7. Quasibinomial (link = “logit”)

  • Properties: Similar to the binomial family but for overdispersed binary/proportion data. Overdispersion may arise when there is unaccounted-for heterogeneity in the probabilities of success across observations. The response variable must lie between \([0, 1]\).
  • Link function: \(g(\mu) = \log\left(\frac{\mu}{1-\mu}\right)\).
  • Inverse link: \(\mu = \frac{\exp(\eta)}{1 + \exp(\eta)}\).
  • Examples:
    1. Proportion of successful nesting attempts by birds: Overdispersion might occur because success rates vary due to unmeasured factors like predation risk, food availability, or habitat quality.
    2. Germination success rate under fluctuating temperature regimes: Overdispersion may result from heterogeneity in seed quality or local microclimatic differences that influence germination probabilities.

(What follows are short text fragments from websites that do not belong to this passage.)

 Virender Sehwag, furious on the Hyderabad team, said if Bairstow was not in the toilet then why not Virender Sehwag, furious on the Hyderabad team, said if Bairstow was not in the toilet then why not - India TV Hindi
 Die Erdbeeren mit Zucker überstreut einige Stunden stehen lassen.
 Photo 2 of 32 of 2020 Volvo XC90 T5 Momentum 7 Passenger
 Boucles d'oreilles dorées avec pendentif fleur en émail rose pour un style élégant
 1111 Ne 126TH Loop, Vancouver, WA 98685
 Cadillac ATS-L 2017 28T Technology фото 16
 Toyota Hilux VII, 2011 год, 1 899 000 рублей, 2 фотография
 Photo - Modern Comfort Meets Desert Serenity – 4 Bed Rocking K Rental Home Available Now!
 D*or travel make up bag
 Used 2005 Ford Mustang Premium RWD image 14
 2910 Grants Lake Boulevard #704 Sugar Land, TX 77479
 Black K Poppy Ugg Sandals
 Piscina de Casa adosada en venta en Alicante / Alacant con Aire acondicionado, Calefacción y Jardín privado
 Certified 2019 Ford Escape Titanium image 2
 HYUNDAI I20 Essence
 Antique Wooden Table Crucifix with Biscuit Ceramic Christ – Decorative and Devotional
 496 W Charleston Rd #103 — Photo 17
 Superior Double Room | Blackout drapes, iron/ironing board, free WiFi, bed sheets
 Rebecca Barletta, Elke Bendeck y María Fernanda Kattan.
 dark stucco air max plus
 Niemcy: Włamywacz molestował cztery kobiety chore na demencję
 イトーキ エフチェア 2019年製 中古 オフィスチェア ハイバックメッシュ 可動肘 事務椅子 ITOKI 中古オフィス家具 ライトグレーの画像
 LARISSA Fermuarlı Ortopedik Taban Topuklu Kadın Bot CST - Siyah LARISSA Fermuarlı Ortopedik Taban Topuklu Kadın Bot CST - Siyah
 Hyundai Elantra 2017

8. Quasipoisson (link = “log”)

  • Properties: Similar to the Poisson family but for overdispersed count data. Overdispersion may arise when the variability in the count data exceeds the mean, violating the Poisson assumption that the mean equals the variance. The response variable must be non-negative integers \([0, \infty)\).
  • Link function: \(g(\mu) = \log(\mu)\).
  • Inverse link: \(\mu = \exp(\eta)\).
  • Examples:
    1. Number of insect visits to flowers under varying light conditions: Overdispersion occurs because different flowers might attract insects at varying rates due to unmeasured traits like nectar availability or competition from neighboring flowers.
    2. Counts of trees in different forest patches: Overdispersion might arise from varying soil quality, seed dispersal patterns, or localized disturbances, leading to greater variability in counts than expected under a standard Poisson model.